Frikis around the secundaria

Foto: Modo de Olhar

Su padre, un gringo demasiado serio y noble, el vivo retrato de Ned Flanders, y su mamá, una gringa que leía la mano y el tarot, estaban encantados con nuestra amistad. Tanto que a veces se olvidaban de recogerlo en mi casa los viernes, así que pasaban por él tardísimo. Nosotros aprovechábamos para perfeccionar pasos de baile. Sí, éramos outsiders pero bailábamos muy bien. Ganamos el tercer lugar de un concurso y hasta nos invitaron a participar en una coreografía grupal de “Rock around the clock”.

Qué curioso: fuera de la escuela, A. era un galanazo; mis amigas babeaban por él y era la pareja de baile más cotizada en las fiestas, pero dentro no era más que un bicho raro. Como yo. 

Cuando se fue, las cosas cambiaron por completo. Hablábamos ocasionalmente, aunque no tan seguido como prometimos. De pronto las llamadas eran más cortas y frías. Ya no había mucho qué compartir. Al parecer su escuela en Texas era mucho menos cruel que la que había dejado atrás, en la que yo me había quedado sola, otra vez. 

Un buen día me mandó un mensaje contundente y demoledor: no podía hablar más conmigo, quería olvidarse de todo su pasado en México y eso, inevitablemente, me incluía a mí. Tenía que seguir adelante conmigo o sin mí, y como en ese momento no estaba con él, no tenía sentido que me esperara, tal como habíamos pactado. Me desterró de su vida sin más y además rompió nuestro acuerdo. Desgraciado. Esa noche lloré hasta vomitar. 
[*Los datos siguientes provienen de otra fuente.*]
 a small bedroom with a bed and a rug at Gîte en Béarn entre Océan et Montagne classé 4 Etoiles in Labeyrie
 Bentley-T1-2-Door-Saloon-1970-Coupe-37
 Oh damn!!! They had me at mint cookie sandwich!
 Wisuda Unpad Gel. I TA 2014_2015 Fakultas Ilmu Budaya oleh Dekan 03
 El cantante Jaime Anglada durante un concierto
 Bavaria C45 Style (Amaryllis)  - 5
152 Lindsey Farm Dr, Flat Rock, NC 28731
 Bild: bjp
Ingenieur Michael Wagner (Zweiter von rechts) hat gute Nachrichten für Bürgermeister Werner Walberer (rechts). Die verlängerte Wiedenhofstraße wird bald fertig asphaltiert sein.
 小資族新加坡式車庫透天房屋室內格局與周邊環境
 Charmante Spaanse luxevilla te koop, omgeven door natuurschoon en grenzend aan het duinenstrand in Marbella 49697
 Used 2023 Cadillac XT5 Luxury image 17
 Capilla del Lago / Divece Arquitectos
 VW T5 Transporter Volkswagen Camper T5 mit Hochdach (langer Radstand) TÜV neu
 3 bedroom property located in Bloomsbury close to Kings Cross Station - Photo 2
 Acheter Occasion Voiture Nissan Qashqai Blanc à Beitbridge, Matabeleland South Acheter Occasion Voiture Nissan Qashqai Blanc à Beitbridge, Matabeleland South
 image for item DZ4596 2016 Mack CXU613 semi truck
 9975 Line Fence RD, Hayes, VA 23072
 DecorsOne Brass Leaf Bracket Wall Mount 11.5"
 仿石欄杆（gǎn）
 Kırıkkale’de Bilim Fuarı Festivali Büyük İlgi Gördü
Poco después experimenté un cuadro de ansiedad brutal. Tenía que tomar un menjurje para poder dormir y respiraba en una bolsa de papel cuando el pánico se volvía más intenso. Fuera del consultorio de la psicóloga de la escuela, yo era solo un ente en total desventaja, en riesgo permanente de caer en la melancolía profunda o la histeria. Yo era la zombi. Ahora sé que si A. se hubiera quedado, jamás habría pasado por ese desorden emocional y mental que una persona de 13 años no debería conocer. 

Hace un par de años, cuando lo volví a ver en redes sociales, enfundado en un traje del ejército de Estados Unidos, comprometido con su ahora esposo y con un canal de reseñas de libros con decenas de miles de reproducciones en YouTube, comprendí perfectamente que, como yo, tenía que dejar ir esos años de bromas crueles. Para él, toda la basura que nos echaron importaba más que los buenos momentos, la coreografía de S Club 7 y nuestras lecturas de Una serie de eventos desafortunados. Ahora entiendo que tenía que cerrarme la puerta en la cara para poder salir del clóset y empezar la vida que tanto le habría costado en un ambiente tan ojete como el nuestro.

Quería olvidarse de mí porque yo siempre representaría una época peor para él. No me gusta pensar si eso fue valiente o cobarde de su parte, pero lo que realmente importa es que durante el tiempo en que fuimos amigos, A. me salvó de volarme los sesos. Y yo a él.